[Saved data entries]
· · · · · · ·

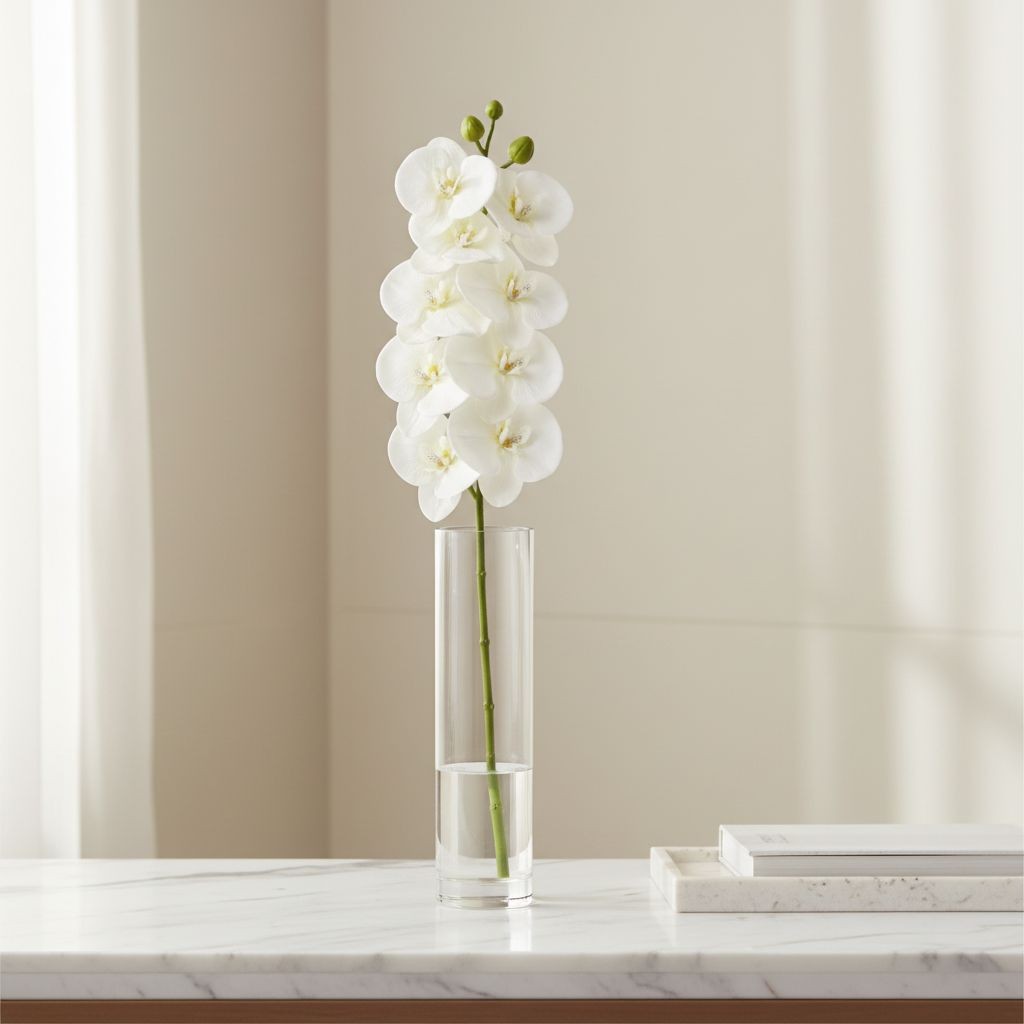White Orchid Stem Artificial Floral Pick 26 Inch Ivory White Faux Orchid Spray f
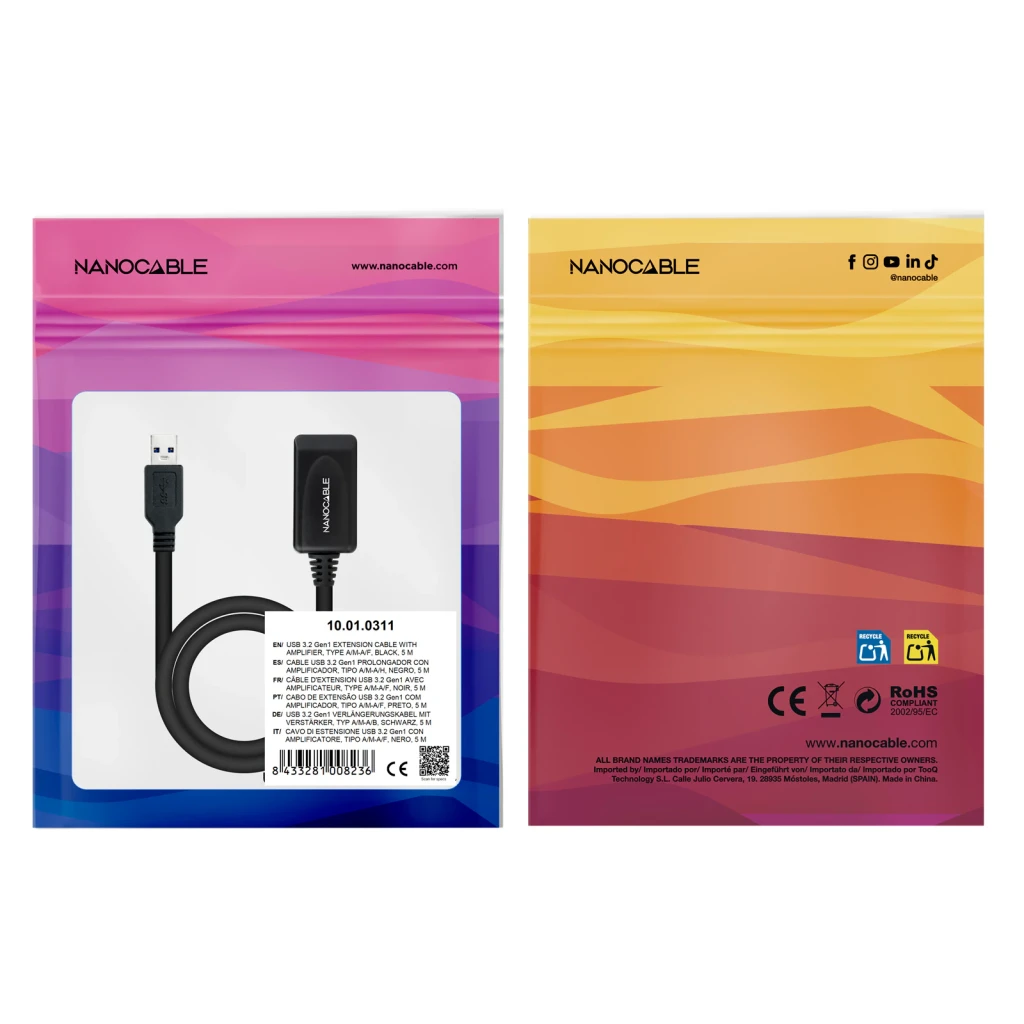 Câble Nanocable USB 3.0 Rallonge avec Amplificateur Type A/M-A/F 5m Noir, contenu boîte: faces avant et arrière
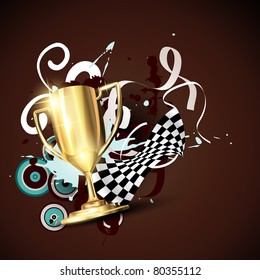 diseño abstracto de trofeo de oro vectorial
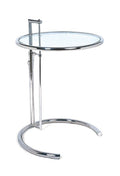 Mesa EG NEW, regulable, acero inoxidable y cristal, 50 cms de diámetro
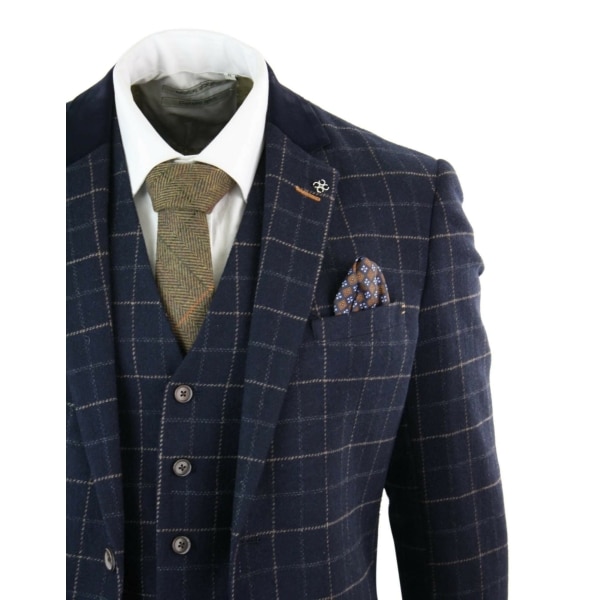 Cavani Shelby - Mens Navy Blue 3 Piece Herringbone Check Suit Vintage Retro Peaky Blinders Tweed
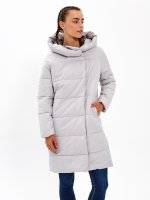 Longline padded jacket with high collar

· · · · · · ·

Set the preceding data down again word for word, omitting images.

White Orchid Stem Artificial Floral Pick 26 Inch Ivory White Faux Orchid Spray f
 Câble Nanocable USB 3.0 Rallonge avec Amplificateur Type A/M-A/F 5m Noir, contenu boîte: faces avant et arrière
 diseño abstracto de trofeo de oro vectorial
 Mesa EG NEW, regulable, acero inoxidable y cristal, 50 cms de diámetro
 Cavani Shelby - Mens Navy Blue 3 Piece Herringbone Check Suit Vintage Retro Peaky Blinders Tweed
 Longline padded jacket with high collar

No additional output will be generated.